Abstract Objective. Concomitant chemoradiation (and brachytherapy) has become the standard treatment for locally advanced cervical cancers (FIGO stage IB2 to IVA). Adjuvant surgery is optional. The aim of this study was to evaluate the rate of residual positive pelvic lymph nodes after chemoradiation. Methods. From February 1988 to August 2004, 113 patients with locally advanced cervical cancer have been treated by chemoradiation followed by an adjuvant surgery with a pelvic lymphadenectomy performed (study group). A para-aortic lymphadenectomy had also been performed in 85 of them. Results. The mean age of the patients was 48.4 years (27–74). FIGO stage was: IB2 in 17.7% (20/113), II in 44.2% (50/113), III in 21.2% (24/113) and IVA in 16.8% of the patients (19/113). The mean number of removed nodes was 11.5 (median 11) in pelvic, and 7.5 (median 7) in para-aortic basins. A pelvic lymph node involvement was present in 15.9% (18/113) of the patients after chemoradiation. In 11 patients, only one node was positive. 11.7% (10/85) of the patients had a para-aortic lymph node involvement. A residual pelvic lymph node disease has been observed in 6.3% (4/63) of the cases with no residual cervical disease (or microscopic) versus 26.5% (13/49) of the cases with macroscopic residual cervical tumor ( P = 0.003).
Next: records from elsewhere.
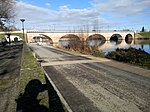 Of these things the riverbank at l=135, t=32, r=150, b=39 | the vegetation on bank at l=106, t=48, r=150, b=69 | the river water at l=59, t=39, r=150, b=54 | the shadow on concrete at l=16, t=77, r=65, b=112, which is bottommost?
the river water at l=59, t=39, r=150, b=54

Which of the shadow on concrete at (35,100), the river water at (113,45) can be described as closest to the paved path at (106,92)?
the shadow on concrete at (35,100)

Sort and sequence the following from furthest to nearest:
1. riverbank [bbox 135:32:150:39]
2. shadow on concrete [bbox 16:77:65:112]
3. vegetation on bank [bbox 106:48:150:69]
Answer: riverbank [bbox 135:32:150:39]
vegetation on bank [bbox 106:48:150:69]
shadow on concrete [bbox 16:77:65:112]

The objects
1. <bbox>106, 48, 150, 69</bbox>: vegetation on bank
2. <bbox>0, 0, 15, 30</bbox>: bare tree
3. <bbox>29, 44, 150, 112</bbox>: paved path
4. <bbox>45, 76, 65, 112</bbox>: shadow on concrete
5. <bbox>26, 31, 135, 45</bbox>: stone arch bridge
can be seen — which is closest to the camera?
<bbox>45, 76, 65, 112</bbox>: shadow on concrete

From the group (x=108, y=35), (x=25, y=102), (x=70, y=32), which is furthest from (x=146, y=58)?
(x=108, y=35)

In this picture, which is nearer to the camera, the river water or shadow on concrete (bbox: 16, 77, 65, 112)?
shadow on concrete (bbox: 16, 77, 65, 112)

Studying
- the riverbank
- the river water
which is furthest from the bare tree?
the riverbank

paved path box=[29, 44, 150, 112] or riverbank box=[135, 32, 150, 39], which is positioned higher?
riverbank box=[135, 32, 150, 39]

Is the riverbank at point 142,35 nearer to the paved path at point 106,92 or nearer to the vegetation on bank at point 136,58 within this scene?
the vegetation on bank at point 136,58

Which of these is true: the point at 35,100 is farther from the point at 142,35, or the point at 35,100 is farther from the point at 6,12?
the point at 142,35

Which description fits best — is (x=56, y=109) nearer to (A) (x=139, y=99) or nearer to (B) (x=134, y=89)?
(A) (x=139, y=99)

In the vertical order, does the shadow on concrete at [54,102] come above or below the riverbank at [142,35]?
below

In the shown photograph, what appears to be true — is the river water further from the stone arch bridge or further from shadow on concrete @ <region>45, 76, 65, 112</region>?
shadow on concrete @ <region>45, 76, 65, 112</region>

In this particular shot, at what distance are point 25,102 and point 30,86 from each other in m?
2.24

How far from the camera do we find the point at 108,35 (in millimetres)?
104750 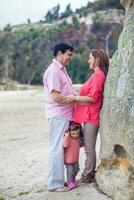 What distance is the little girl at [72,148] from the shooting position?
6.89m

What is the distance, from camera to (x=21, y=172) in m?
9.68

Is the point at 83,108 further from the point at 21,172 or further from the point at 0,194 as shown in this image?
the point at 21,172

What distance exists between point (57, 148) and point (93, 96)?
82cm

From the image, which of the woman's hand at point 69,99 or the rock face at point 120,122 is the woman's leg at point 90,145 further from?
the woman's hand at point 69,99

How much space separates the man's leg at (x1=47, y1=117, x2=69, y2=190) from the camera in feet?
22.7

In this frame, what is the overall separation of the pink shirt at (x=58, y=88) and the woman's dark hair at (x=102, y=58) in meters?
0.45

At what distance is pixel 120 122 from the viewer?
242 inches

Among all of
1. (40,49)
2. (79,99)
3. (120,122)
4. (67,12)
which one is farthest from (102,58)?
(67,12)

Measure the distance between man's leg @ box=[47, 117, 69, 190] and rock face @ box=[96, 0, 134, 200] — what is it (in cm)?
56

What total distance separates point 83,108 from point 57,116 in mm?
344

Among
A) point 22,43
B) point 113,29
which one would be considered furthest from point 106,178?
point 113,29

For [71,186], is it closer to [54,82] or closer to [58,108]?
[58,108]

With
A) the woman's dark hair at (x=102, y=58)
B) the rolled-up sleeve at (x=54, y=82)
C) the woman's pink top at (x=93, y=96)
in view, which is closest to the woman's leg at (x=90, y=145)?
the woman's pink top at (x=93, y=96)

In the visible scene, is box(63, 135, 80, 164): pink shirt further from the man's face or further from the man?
the man's face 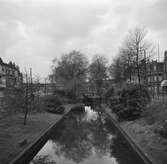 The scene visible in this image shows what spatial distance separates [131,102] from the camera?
71.6ft

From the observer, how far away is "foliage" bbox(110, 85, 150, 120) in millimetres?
21597

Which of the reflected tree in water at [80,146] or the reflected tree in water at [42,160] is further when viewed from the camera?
the reflected tree in water at [80,146]

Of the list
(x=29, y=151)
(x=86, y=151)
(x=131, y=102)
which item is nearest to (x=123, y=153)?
(x=86, y=151)

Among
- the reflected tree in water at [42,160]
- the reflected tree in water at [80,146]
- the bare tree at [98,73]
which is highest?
the bare tree at [98,73]

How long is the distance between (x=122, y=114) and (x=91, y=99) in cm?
4794

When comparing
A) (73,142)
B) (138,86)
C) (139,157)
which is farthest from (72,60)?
(139,157)

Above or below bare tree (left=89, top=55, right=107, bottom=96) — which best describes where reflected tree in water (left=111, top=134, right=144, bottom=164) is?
below

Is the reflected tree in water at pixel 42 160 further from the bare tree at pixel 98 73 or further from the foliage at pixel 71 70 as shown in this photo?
the bare tree at pixel 98 73

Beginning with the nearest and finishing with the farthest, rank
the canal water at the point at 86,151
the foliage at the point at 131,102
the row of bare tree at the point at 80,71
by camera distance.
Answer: the canal water at the point at 86,151
the foliage at the point at 131,102
the row of bare tree at the point at 80,71

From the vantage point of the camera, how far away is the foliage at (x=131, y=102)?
850 inches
Conclusions. Our experience shows that a pelvic lymph node involvement persists in about 16% of the patients after chemoradiation. We can make the assumption that performing a pelvic lymphadenectomy along with the removal of the primary tumor after chemoradiation could reduce the rate of latero-pelvic recurrences, whatever the para-aortic lymph node status.